A Rhetorical, Yet Inevitable Question

Some believe love is simply an act of benevolence. While that can be an accurate statement, it is not totally true. We have all done things for the benefit of the people we professed to love albeit with an unloving attitude. Consider if you will the husband who responds very harshly when his wife request something as simple as taking the trash out “FINE! I’ll take the garbage out so you will get off my back already” this action is not performed as an act of love or kindness. Maybe he has been asked when he will have time to mow the lawn, he reluctantly jumps up and goes out to cut the grass simply because he feels his wife has been nagging him for weeks and he now believes he is doing a kind act, unfortunately as he tells his neighbor he is only doing it “so she’ll get off my back” On the other hand the wife agrees to be sexually intimate with her husband not out of love but out of a sense of duty or guilt  “here he comes, it has been a while and he’s so cranky lately, let me go and get my wifely duties over with”. She is not performing an act of love, much like her husband has done, she is  participating in an activity based on obligation.

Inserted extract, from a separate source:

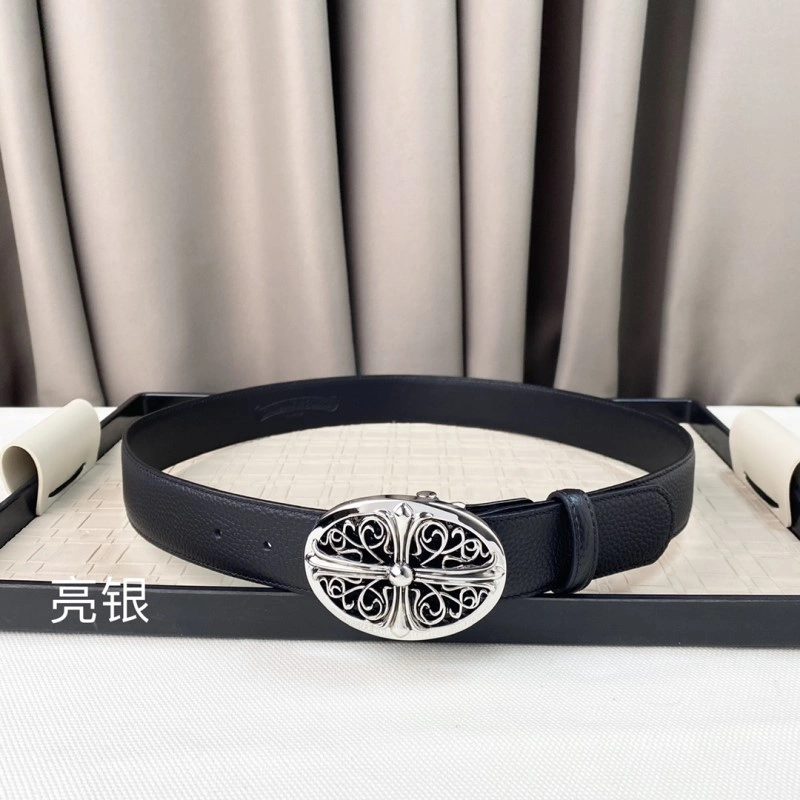 Breathable Chrome Heart Belts 285336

What difference does it all make anyway as long as it all is accomplished everyone is happy right…wrong!

Love is cooperating with God in serving others. The individuals who truly love, see themselves as God’s agents for enriching the lives of the people around them, in their communities, on their jobs, in their homes, people they meet. For them, love is not based on how one feels but a way of life.

When reduced to a feeling, love becomes a narcissistic fantasy, and any relationship we are involved in becomes tyranny. When we began by observing how often we are all tempted to prove the validity of our love by somehow displaying it one to another in front of the entire world, satisfying our own need to quantify the immeasurable depth of our sincerity against some invisible measuring stick. There is no doubt as Christian our witness to the world is important. But when that witness is burdened by “proof,” it is no longer a witness of love.

The work of love is not about proof of how we feel; it is about Jesus. Emotions are but icing on the cake without a loving attitude and appropriate behavior, the icing will simply melt. That’s it. It is His work, through the Holy Spirit, to draw people unto Himself.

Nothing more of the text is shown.